§ Data items:

╔══

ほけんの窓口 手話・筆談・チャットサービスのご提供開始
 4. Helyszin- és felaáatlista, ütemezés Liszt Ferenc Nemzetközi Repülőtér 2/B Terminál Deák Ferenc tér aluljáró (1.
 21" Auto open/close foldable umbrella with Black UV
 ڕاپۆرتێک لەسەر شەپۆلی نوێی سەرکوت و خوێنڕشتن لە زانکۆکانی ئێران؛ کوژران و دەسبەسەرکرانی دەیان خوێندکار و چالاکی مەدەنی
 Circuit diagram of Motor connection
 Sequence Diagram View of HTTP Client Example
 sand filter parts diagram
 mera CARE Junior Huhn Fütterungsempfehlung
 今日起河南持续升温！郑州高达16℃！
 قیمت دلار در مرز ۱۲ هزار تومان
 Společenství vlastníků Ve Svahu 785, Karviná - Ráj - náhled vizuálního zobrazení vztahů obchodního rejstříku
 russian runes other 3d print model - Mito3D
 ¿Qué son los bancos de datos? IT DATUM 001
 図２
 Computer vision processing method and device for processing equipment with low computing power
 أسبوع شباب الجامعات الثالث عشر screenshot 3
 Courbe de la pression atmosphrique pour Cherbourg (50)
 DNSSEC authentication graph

╚══

Please output only the lines from the first line of the entries through the line with "Společenství vlastníků Ve", both included, exactly as written.

§ PROBLEM SOLUTION:
ほけんの窓口 手話・筆談・チャットサービスのご提供開始
 4. Helyszin- és felaáatlista, ütemezés Liszt Ferenc Nemzetközi Repülőtér 2/B Terminál Deák Ferenc tér aluljáró (1.
 21" Auto open/close foldable umbrella with Black UV
 ڕاپۆرتێک لەسەر شەپۆلی نوێی سەرکوت و خوێنڕشتن لە زانکۆکانی ئێران؛ کوژران و دەسبەسەرکرانی دەیان خوێندکار و چالاکی مەدەنی
 Circuit diagram of Motor connection
 Sequence Diagram View of HTTP Client Example
 sand filter parts diagram
 mera CARE Junior Huhn Fütterungsempfehlung
 今日起河南持续升温！郑州高达16℃！
 قیمت دلار در مرز ۱۲ هزار تومان
 Společenství vlastníků Ve Svahu 785, Karviná - Ráj - náhled vizuálního zobrazení vztahů obchodního rejstříku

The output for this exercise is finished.